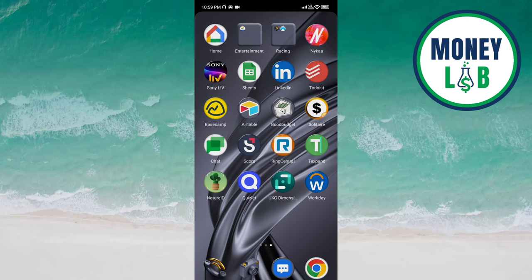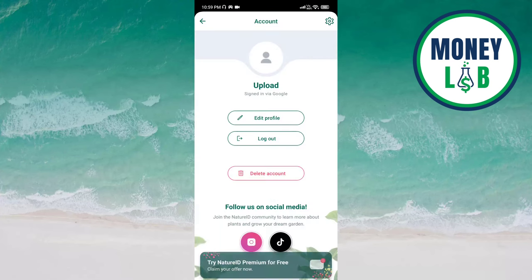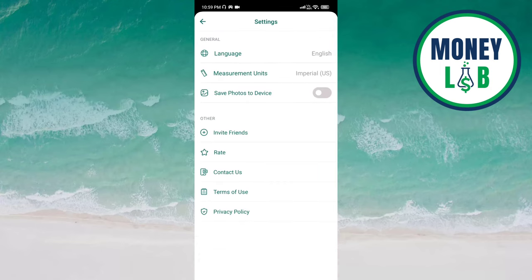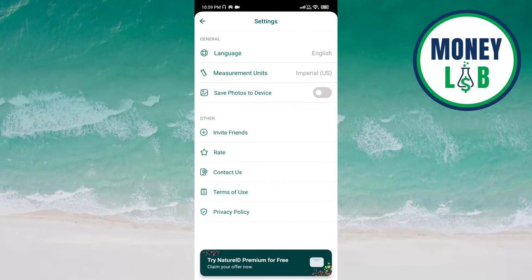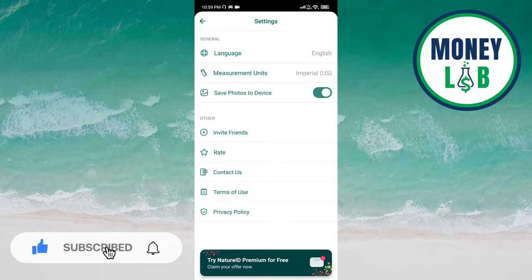Click on the profile icon on the top left of the screen. Here you have to choose settings. On the top right of the screen you can see 'Save photos to device.' Once you click on the button, it is now activated — it means photos will now be saved to device.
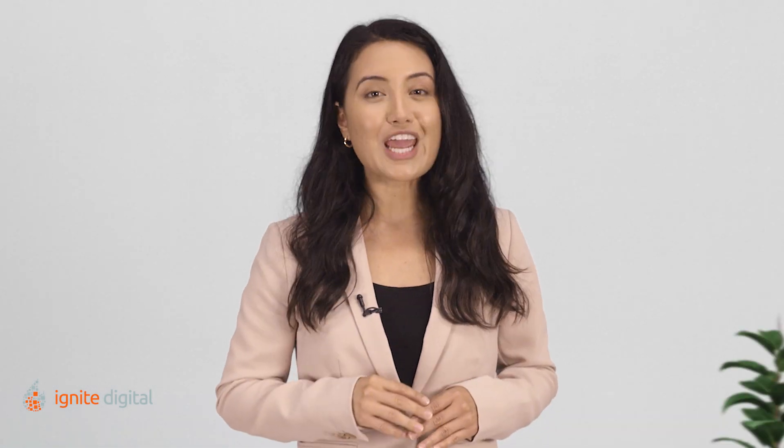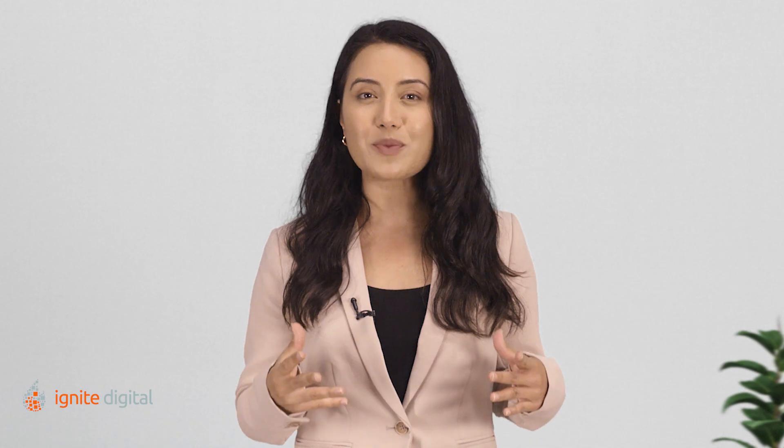First things first, in order for these reports to be configured and open, you must enable Search Console data within the property settings. Both the Analytics and Search Console accounts would need administration access in order to see their metrics.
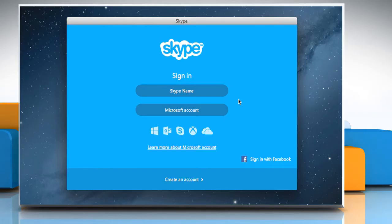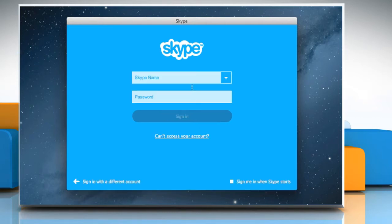Hello friends! The Favourites section in your Skype account allows you to store your favourite contacts for quick access. Here are the steps to create a Favourites section in the sidebar of your Skype account.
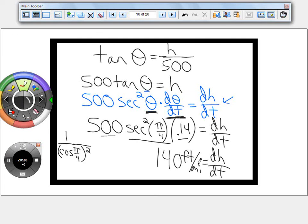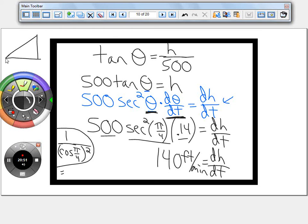To compute sec²(π/4): cosine of π/4 is √2/2, so squaring gives 2/4 = 1/2. Therefore sec²(π/4) = 1/(1/2) = 2. So dh/dt = 500 · 2 · 0.14 = 140 feet per minute. That's how fast the balloon is rising at that moment.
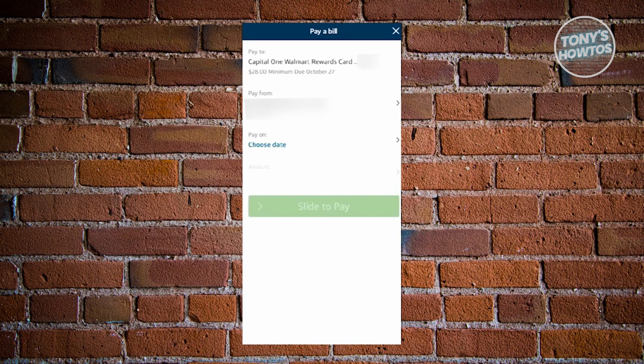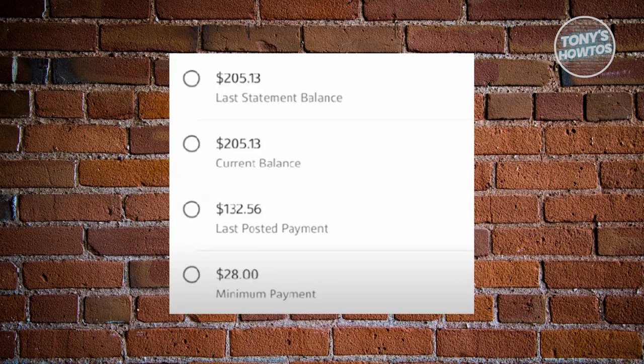You could change the Pay From section to a different account if needed. Go ahead and click on the Pay From section and also choose the date where you want to make the payment. Once you fill out all those details, just click on Slide to Pay — basically swipe right — and you should be able to see the next window.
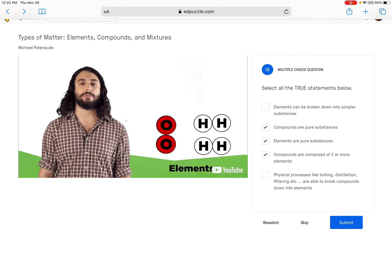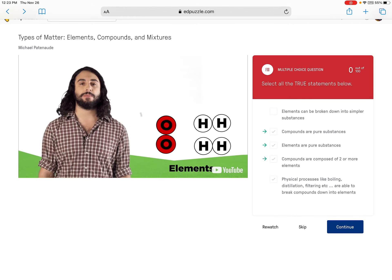Physical processes can break compounds into elements — definitely not. If you boil water, you're not going to break it into hydrogen and oxygen gases. If you filter water, you're not going to separate hydrogen and oxygen. Physical processes are not able to break compounds down. In the experiment we're going to do, we'll zap water with electricity — a chemical change, not a physical change. I accidentally checked that last one, but physical processes cannot separate elements from compounds — that statement is false.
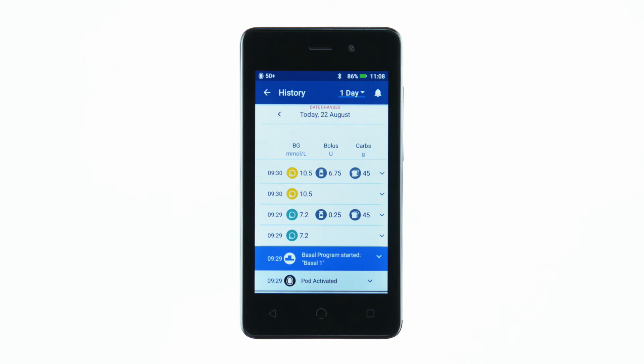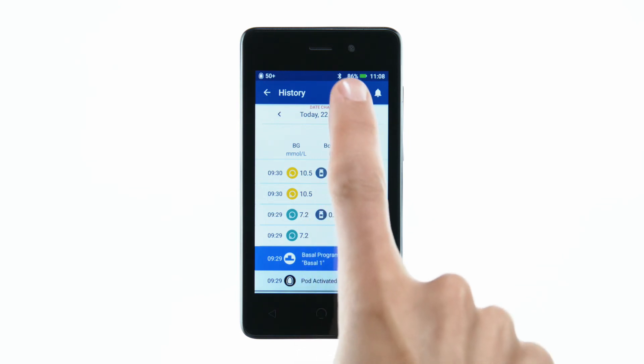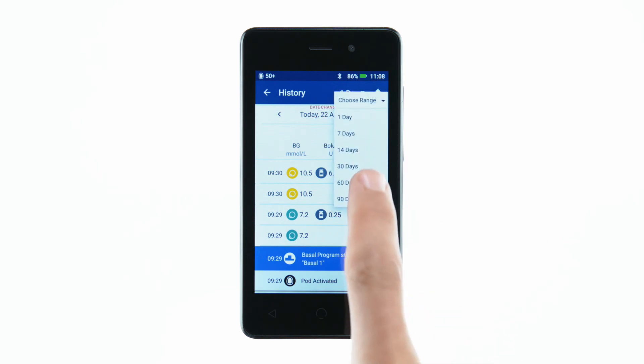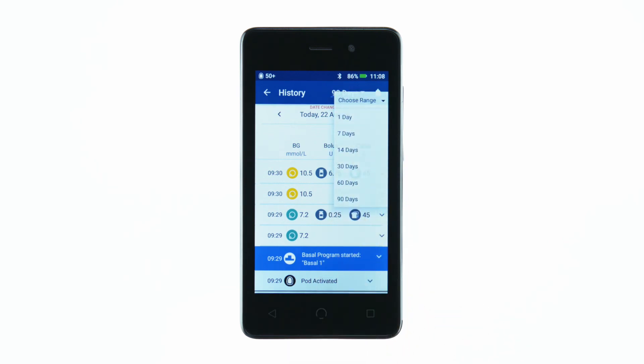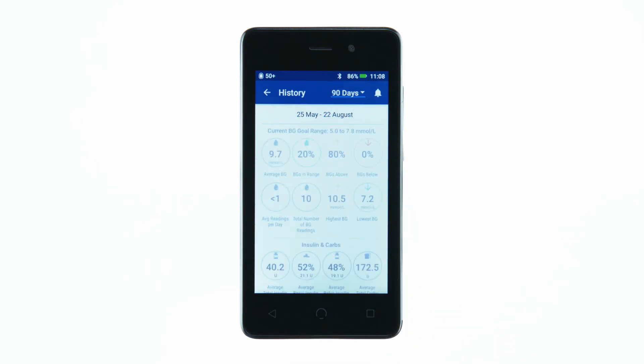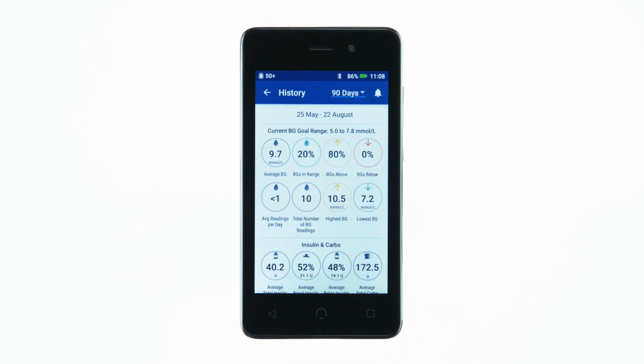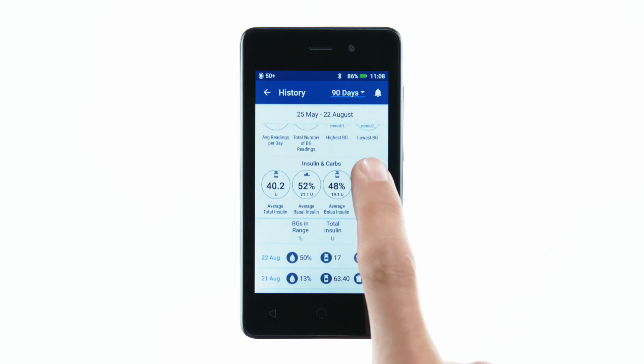To change the time span of the data you're looking at, tap the drop-down menu in the upper right hand corner. To see more details from the current history screen, swipe up.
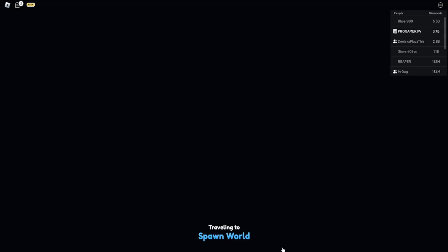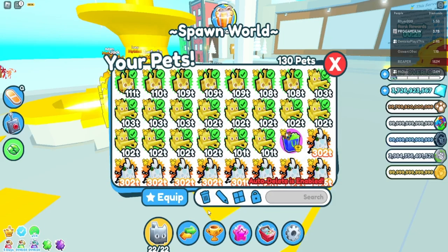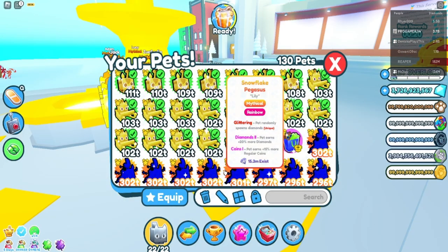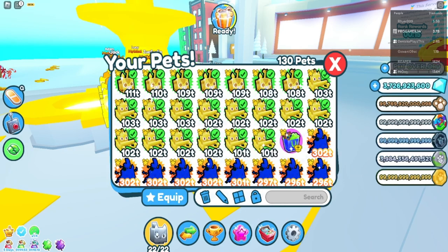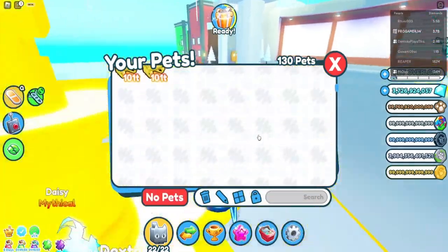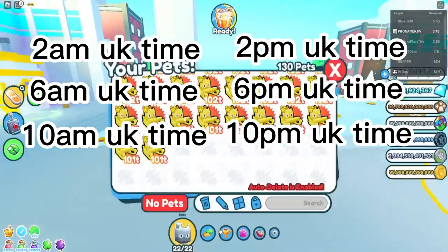Hey guys, in this video I will tell you what time the Santa character comes in — the one with reindeer that gives gifts. The timing in UK time is at 2 o'clock, 6 o'clock, and 10 o'clock, both AM and PM.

#### ASSIGNED TASK:
Give back, exactly as written, the lines from the top of the material above to the line containing "You could change", both included; skip every picture.

#### FINISHED EXERCISE:
Click on the profile icon on the top left of the screen. Here you have to choose settings. On the top right of the screen you can see 'Save photos to device.' Once you click on the button, it is now activated — it means photos will now be saved to device.
First things first, in order for these reports to be configured and open, you must enable Search Console data within the property settings. Both the Analytics and Search Console accounts would need administration access in order to see their metrics.
Hello friends! The Favourites section in your Skype account allows you to store your favourite contacts for quick access. Here are the steps to create a Favourites section in the sidebar of your Skype account.
To compute sec²(π/4): cosine of π/4 is √2/2, so squaring gives 2/4 = 1/2. Therefore sec²(π/4) = 1/(1/2) = 2. So dh/dt = 500 · 2 · 0.14 = 140 feet per minute. That's how fast the balloon is rising at that moment.
You could change the Pay From section to a different account if needed. Go ahead and click on the Pay From section and also choose the date where you want to make the payment. Once you fill out all those details, just click on Slide to Pay — basically swipe right — and you should be able to see the next window.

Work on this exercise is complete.